Directions for this task: Your output should be the lines below from the one with "Seat view from Upper Level" through the one with "Rangrut Maya catalog", copied exactly, pictures excluded.

Exercise data:
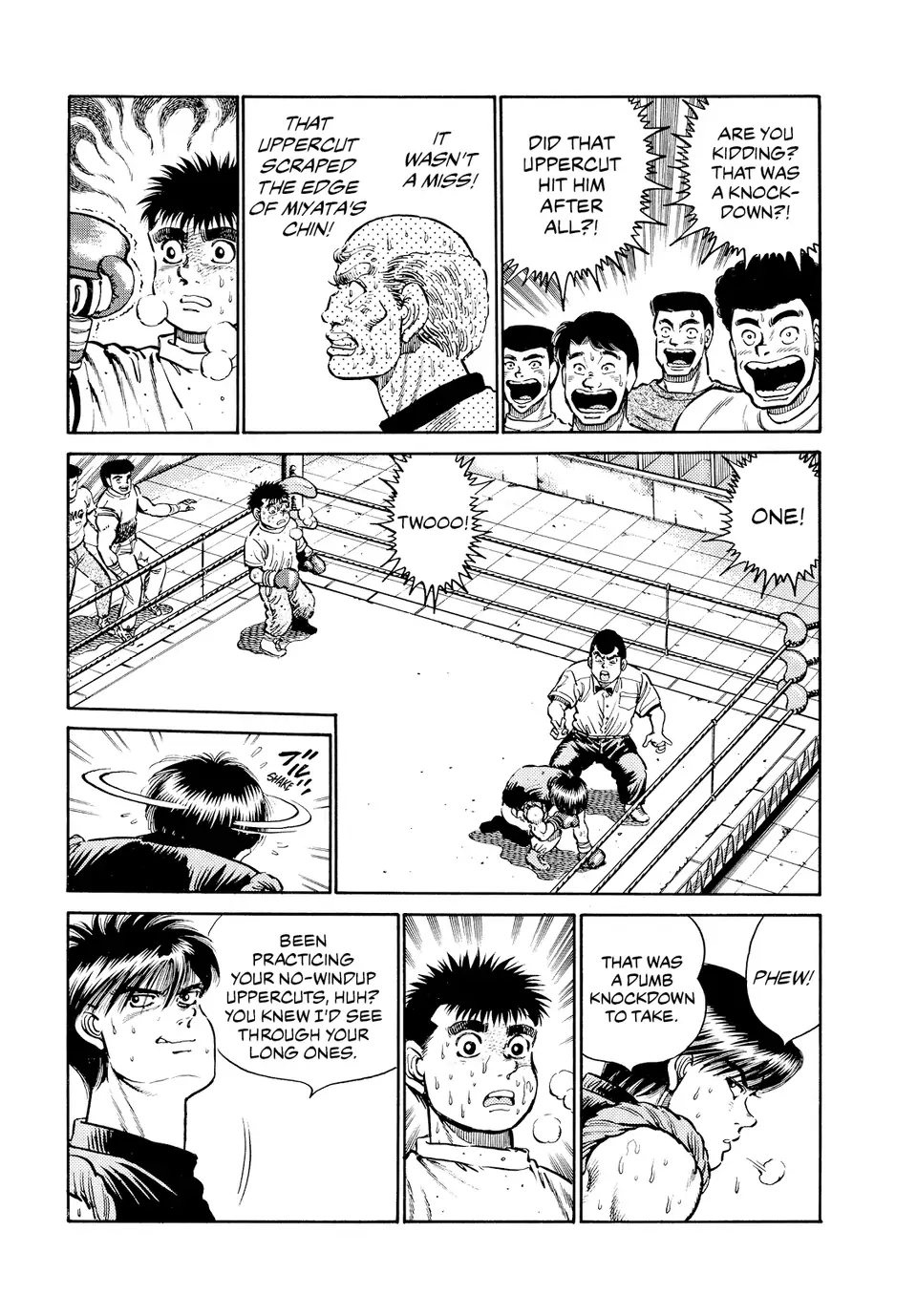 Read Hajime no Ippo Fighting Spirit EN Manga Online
--
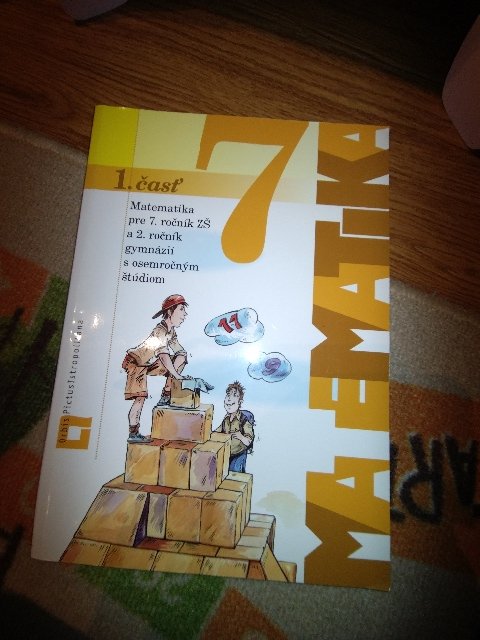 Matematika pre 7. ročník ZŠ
* * *
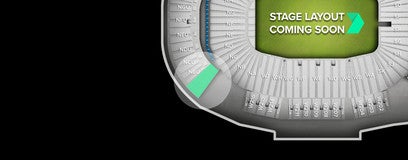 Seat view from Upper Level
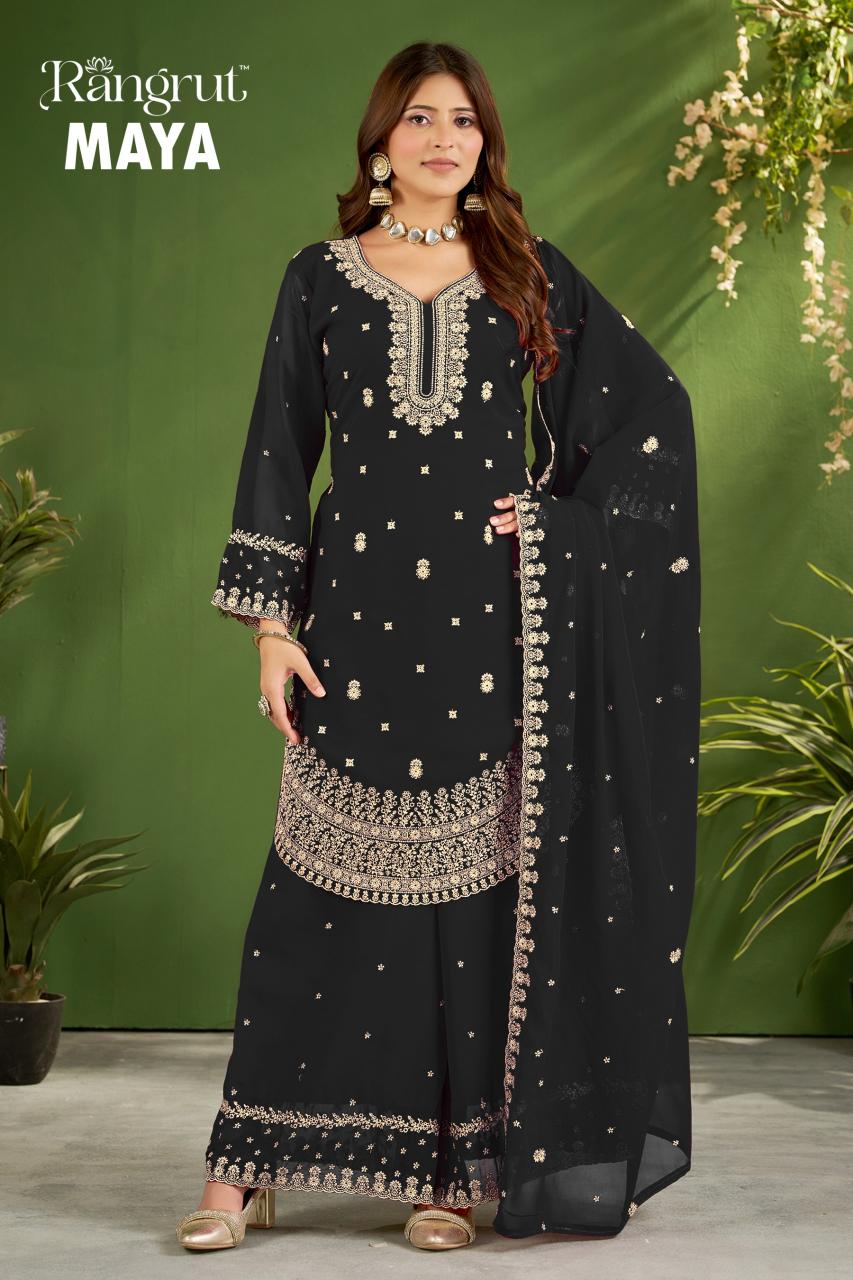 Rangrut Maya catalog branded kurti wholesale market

Written answer:
 Seat view from Upper Level
 Rangrut Maya catalog branded kurti wholesale market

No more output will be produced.